▸ **Data records**
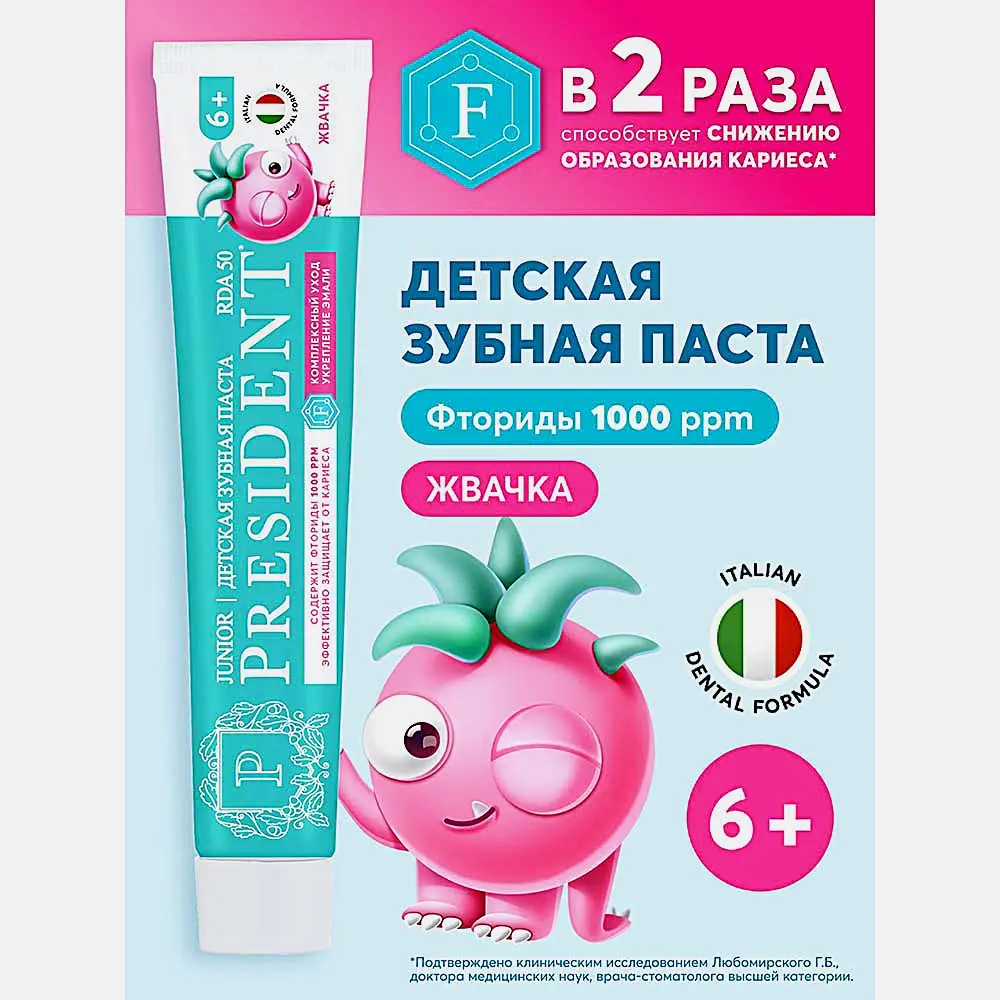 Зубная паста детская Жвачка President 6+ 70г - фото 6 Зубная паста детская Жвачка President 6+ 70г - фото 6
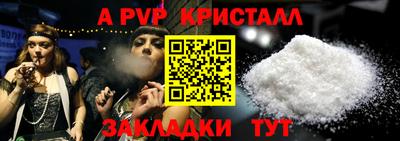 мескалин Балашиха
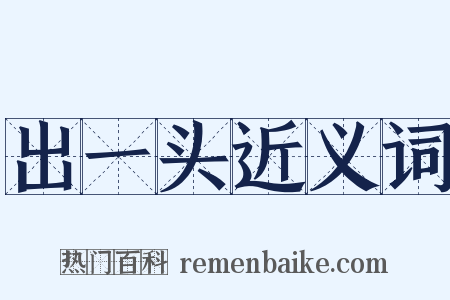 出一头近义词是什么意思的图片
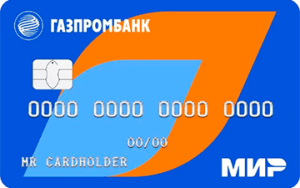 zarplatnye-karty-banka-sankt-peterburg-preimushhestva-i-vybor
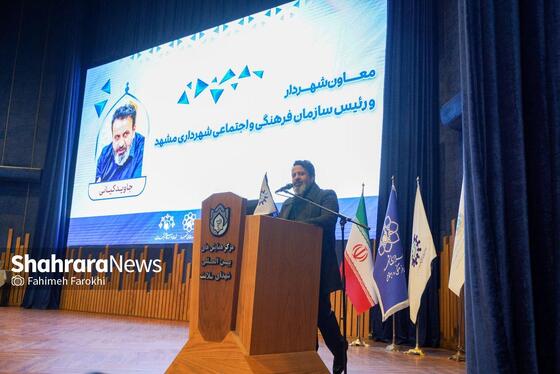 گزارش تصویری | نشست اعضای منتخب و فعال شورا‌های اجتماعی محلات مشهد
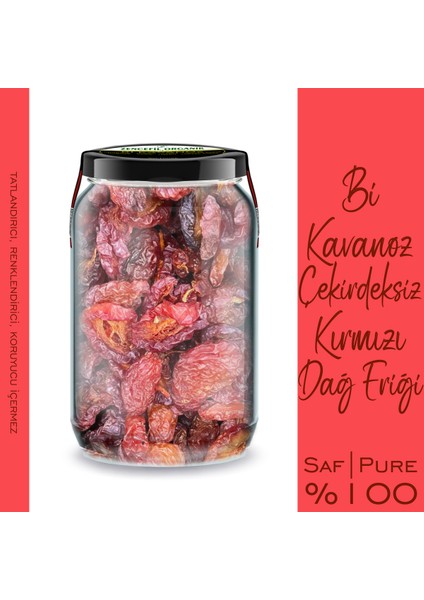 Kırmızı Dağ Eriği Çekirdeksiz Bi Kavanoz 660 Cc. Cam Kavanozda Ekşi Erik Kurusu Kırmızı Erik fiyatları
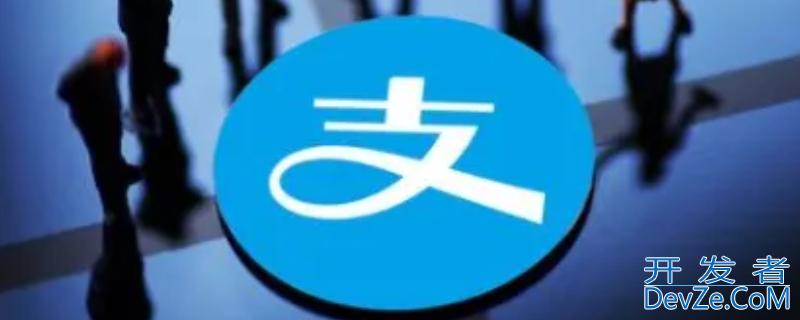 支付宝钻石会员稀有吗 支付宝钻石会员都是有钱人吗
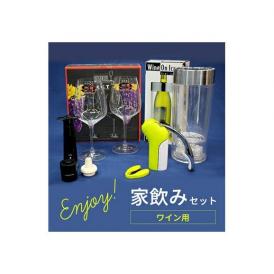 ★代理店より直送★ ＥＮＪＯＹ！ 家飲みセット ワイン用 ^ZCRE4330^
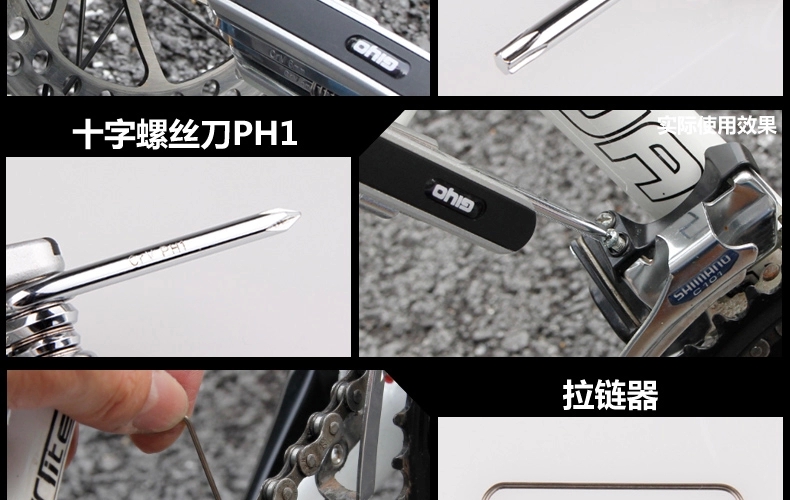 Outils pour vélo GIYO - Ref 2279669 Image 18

▸ **Task details**
With pictures omitted, restate word for word every line above from the one containing "Kırmızı Dağ Eriği" to the end of the entries.

▸ **Written reply**
 Kırmızı Dağ Eriği Çekirdeksiz Bi Kavanoz 660 Cc. Cam Kavanozda Ekşi Erik Kurusu Kırmızı Erik fiyatları
 支付宝钻石会员稀有吗 支付宝钻石会员都是有钱人吗
 ★代理店より直送★ ＥＮＪＯＹ！ 家飲みセット ワイン用 ^ZCRE4330^
 Outils pour vélo GIYO - Ref 2279669 Image 18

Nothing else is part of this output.